Description
Appearance
Aleck isn't particularly remarkable, a man of average height and build, strong and muscular from his lifestyle, though not abnormally so. He dresses modestly and comfortably, and he shaves only semi-regularly. He keeps his ginger hair trimmed short off his neck to help with the heat. He's got hazel eyes and often an easy, sideways smile on his lips. His hands are strong and calloused from hard work, and he walks with an easy saunter that speaks of the slow way he goes about life.
Scars
Aleck sports a lot of scars, callouses, marks, and bruises on account of the life of spills and tumbles he's led, but there's one scar that is most prominent on his body. He sports a long scar down the left side of his face, a trophy from a cougar attack on his home ranch back in Texas. He'd tell anyone the story, if they asked, and tell them that he found out he learns best by experience that day, thankfully, able to walk away with it.
Fashion
Aleck likes to dress well, though his fashion isn't necessarily fancy. He wears a lot of loose rolled up shirts, and he's not much a tie guy at all, even forgoing the bandana some days. He usually wears chaps to protect his legs, already bruised and knicked up from his lifestyle, and often is chewing on a toothpick in his mouth to keep himself busy. He's a jean and leather kind of man, and he's not too bothered by blood or dirt on the clothes as long as it isn't bothering those around him. He's a bit too lazy to shave religiously, settling for a permanent five-o-clock shadow.
Temperament
Aleck is laid back, flirtatious, and carefree. There's not much in the world that can upset him, and many people around him are evidence of that.
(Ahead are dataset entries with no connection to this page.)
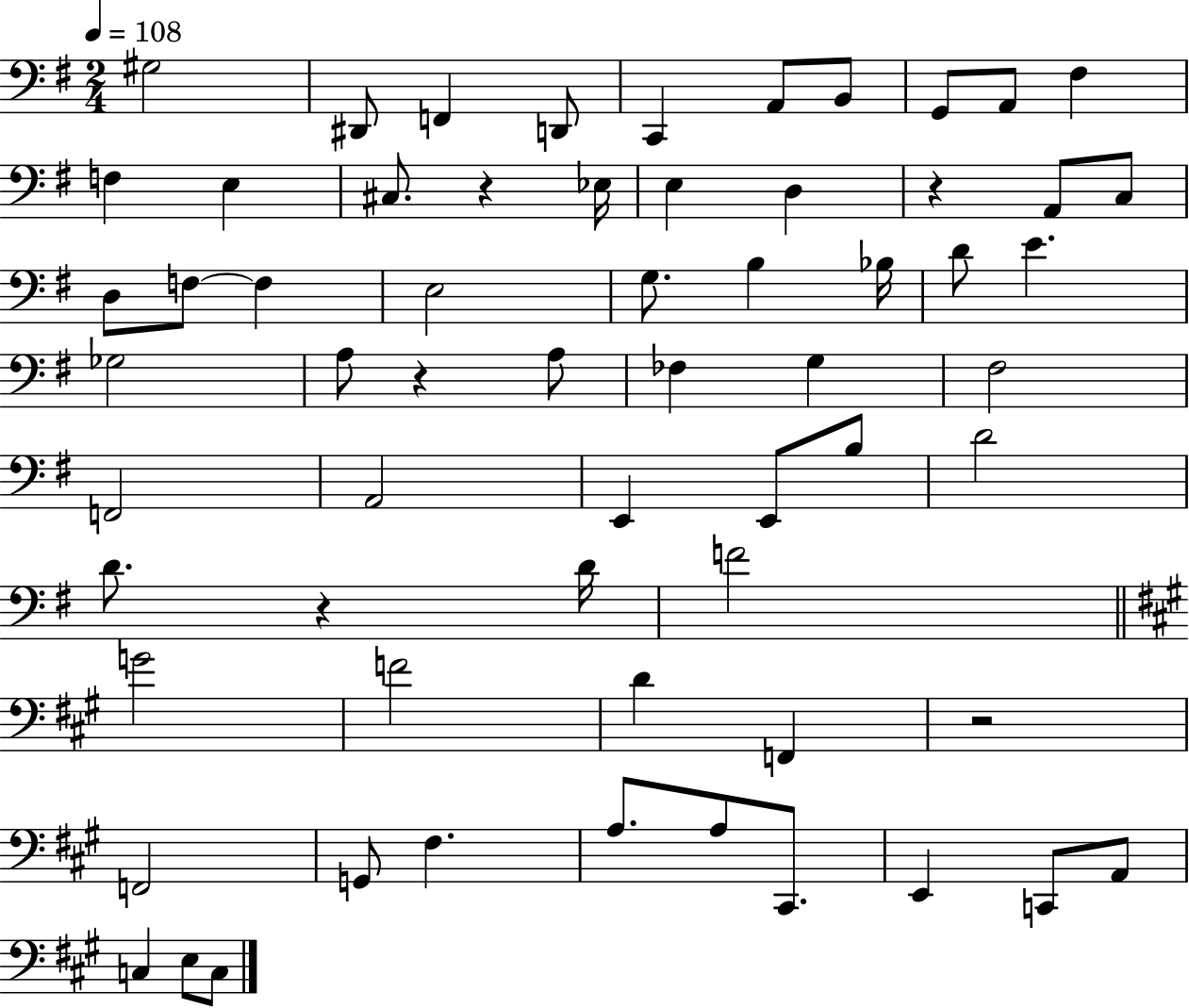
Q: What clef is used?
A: bass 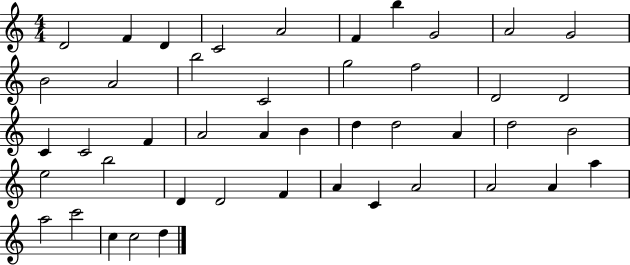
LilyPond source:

{
  \clef treble
  \numericTimeSignature
  \time 4/4
  \key c \major
  d'2 f'4 d'4 | c'2 a'2 | f'4 b''4 g'2 | a'2 g'2 | \break b'2 a'2 | b''2 c'2 | g''2 f''2 | d'2 d'2 | \break c'4 c'2 f'4 | a'2 a'4 b'4 | d''4 d''2 a'4 | d''2 b'2 | \break e''2 b''2 | d'4 d'2 f'4 | a'4 c'4 a'2 | a'2 a'4 a''4 | \break a''2 c'''2 | c''4 c''2 d''4 | \bar "|."
} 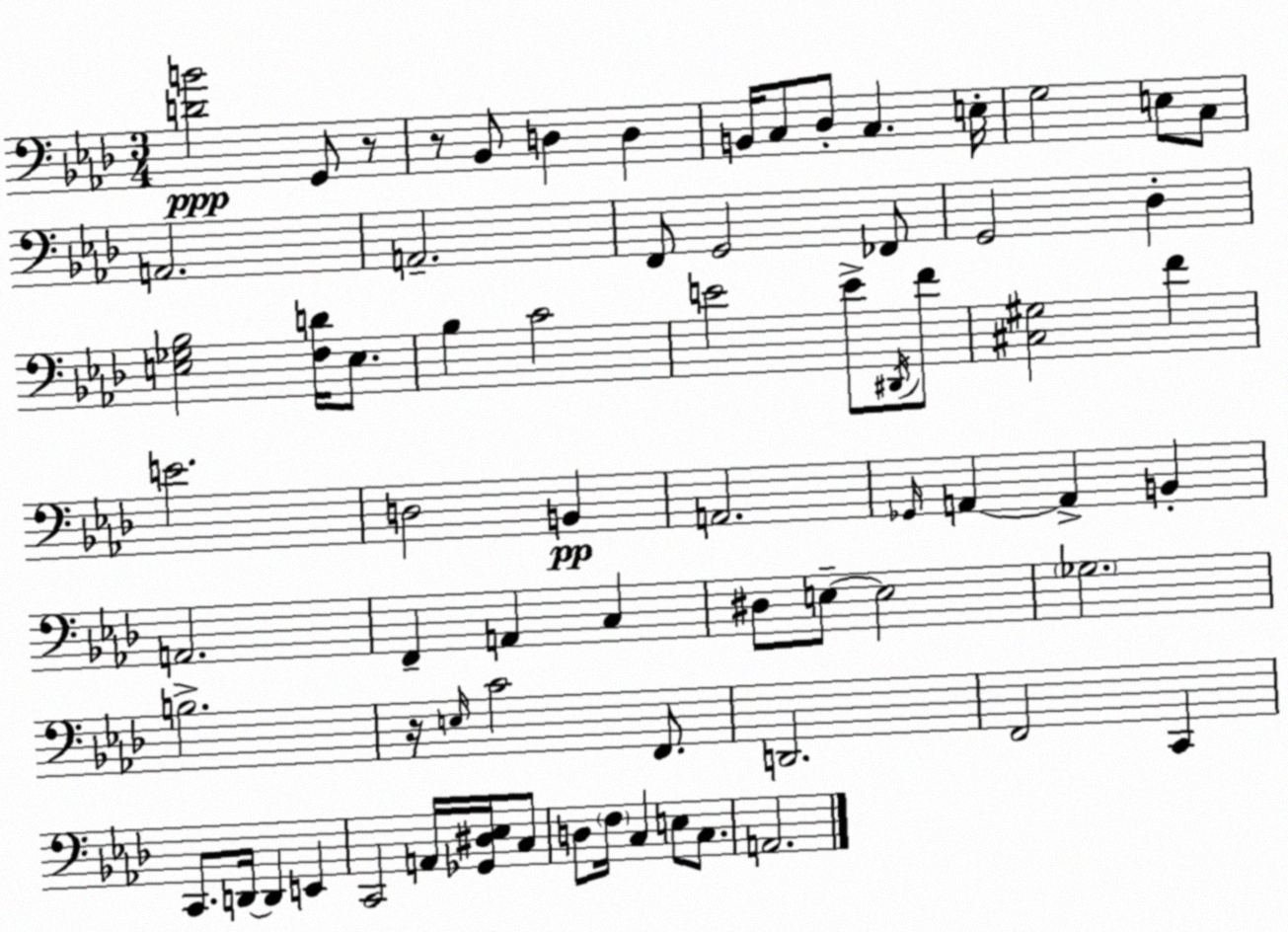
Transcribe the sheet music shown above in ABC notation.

X:1
T:Untitled
M:3/4
L:1/4
K:Fm
[DB]2 G,,/2 z/2 z/2 _B,,/2 D, D, B,,/4 C,/2 _D,/2 C, E,/4 G,2 E,/2 C,/2 A,,2 A,,2 F,,/2 G,,2 _F,,/2 G,,2 _D, [E,_G,_B,]2 [F,D]/4 E,/2 _B, C2 E2 E/2 ^D,,/4 F/2 [^C,^G,]2 F E2 D,2 B,, A,,2 _G,,/4 A,, A,, B,, A,,2 F,, A,, C, ^D,/2 E,/2 E,2 _G,2 B,2 z/4 E,/4 C2 F,,/2 D,,2 F,,2 C,, C,,/2 D,,/4 D,, E,, C,,2 A,,/4 [_G,,^D,_E,]/4 C,/2 D,/2 F,/4 C, E,/2 C,/2 A,,2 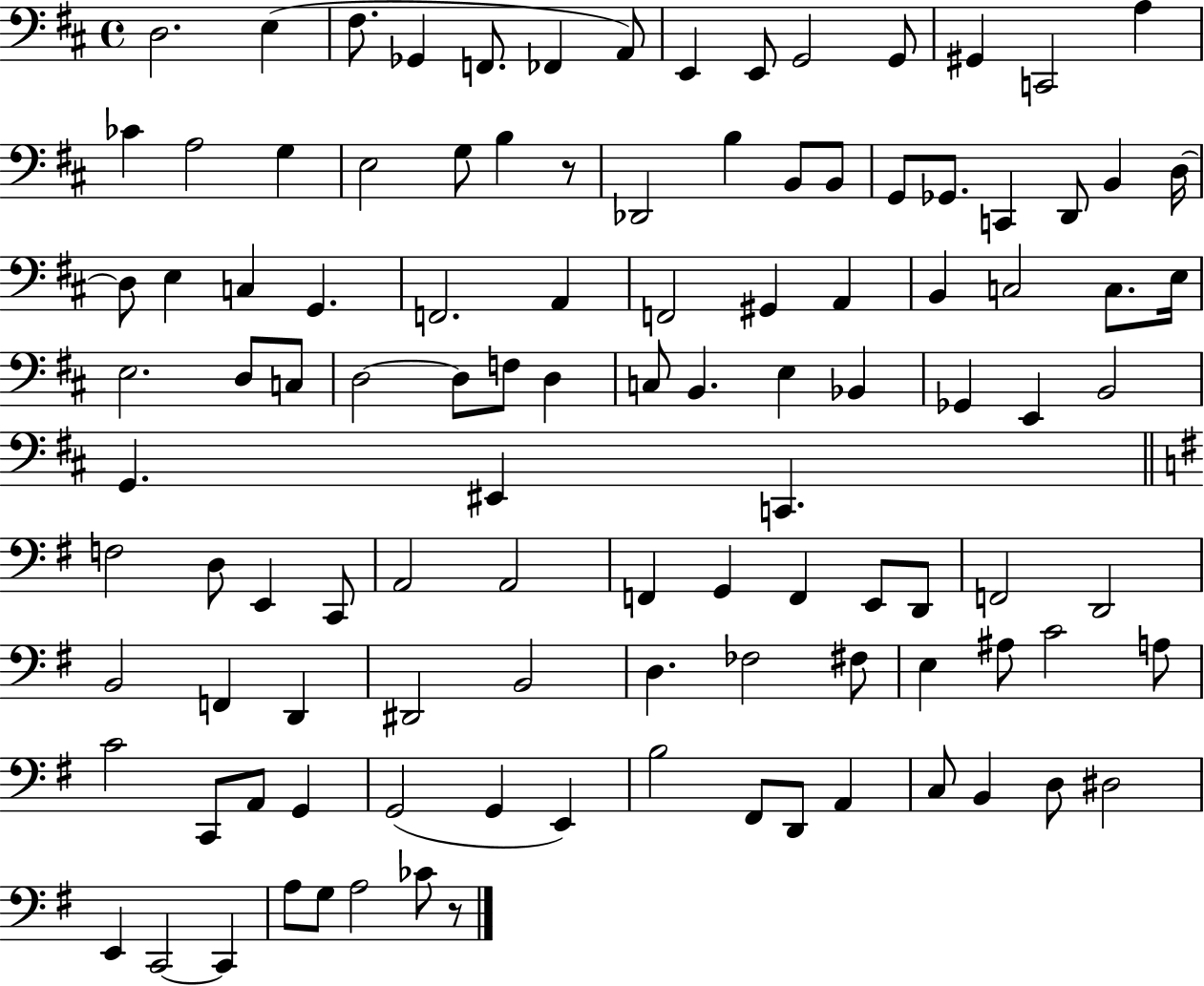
{
  \clef bass
  \time 4/4
  \defaultTimeSignature
  \key d \major
  d2. e4( | fis8. ges,4 f,8. fes,4 a,8) | e,4 e,8 g,2 g,8 | gis,4 c,2 a4 | \break ces'4 a2 g4 | e2 g8 b4 r8 | des,2 b4 b,8 b,8 | g,8 ges,8. c,4 d,8 b,4 d16~~ | \break d8 e4 c4 g,4. | f,2. a,4 | f,2 gis,4 a,4 | b,4 c2 c8. e16 | \break e2. d8 c8 | d2~~ d8 f8 d4 | c8 b,4. e4 bes,4 | ges,4 e,4 b,2 | \break g,4. eis,4 c,4. | \bar "||" \break \key g \major f2 d8 e,4 c,8 | a,2 a,2 | f,4 g,4 f,4 e,8 d,8 | f,2 d,2 | \break b,2 f,4 d,4 | dis,2 b,2 | d4. fes2 fis8 | e4 ais8 c'2 a8 | \break c'2 c,8 a,8 g,4 | g,2( g,4 e,4) | b2 fis,8 d,8 a,4 | c8 b,4 d8 dis2 | \break e,4 c,2~~ c,4 | a8 g8 a2 ces'8 r8 | \bar "|."
}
He gets irritated by the presence of criminal activity around him, though it would take a lot to make him do anything active about it. He fancies himself a pacifist, and he also tells people around him that he thinks that no person is black and white, and everyone is some kinda shade of grey. He's a violent drunk, which is why he always cuts himself off at having just one. He'd tell anyone that asked that he doesn't like the man he is when he's drunk. He's a dog lover and a people person, and he'd go out of his way to help someone whenever he gets the chance. He loves swimming and fishing, and nothing brings him more joy than being on the back of a bull or bronco, or racing on the back of a horse. He's a real rodeo cowboy at heart, a smiler and winker and a tip-of-the-hat kind of guy.
Talents
Aleck has always been a lover of guitar, his mother taught him to play when he was around 8 years old, and after she passed away, he started playing more to spend time with her memory. He often plays by the fireside or on the porch late at night, or sometimes early in the morning. He can sing, though he usually doesn't while he's playing, much preferring to listen to the sound of the instrument instead of sing over it.
Early Life
1880: Aleck is born on a Ranch outside of Austin, Texas to a young mother and father who'd recently inherited the ranch from his father's old man. Aleck isn't a fussy baby, quite content, able to be left to himself to occupy himself with something simple, a blade of grass, a leaf, a few pieces of the dog's hair he seemed intent to pull out, while his mother works around the house.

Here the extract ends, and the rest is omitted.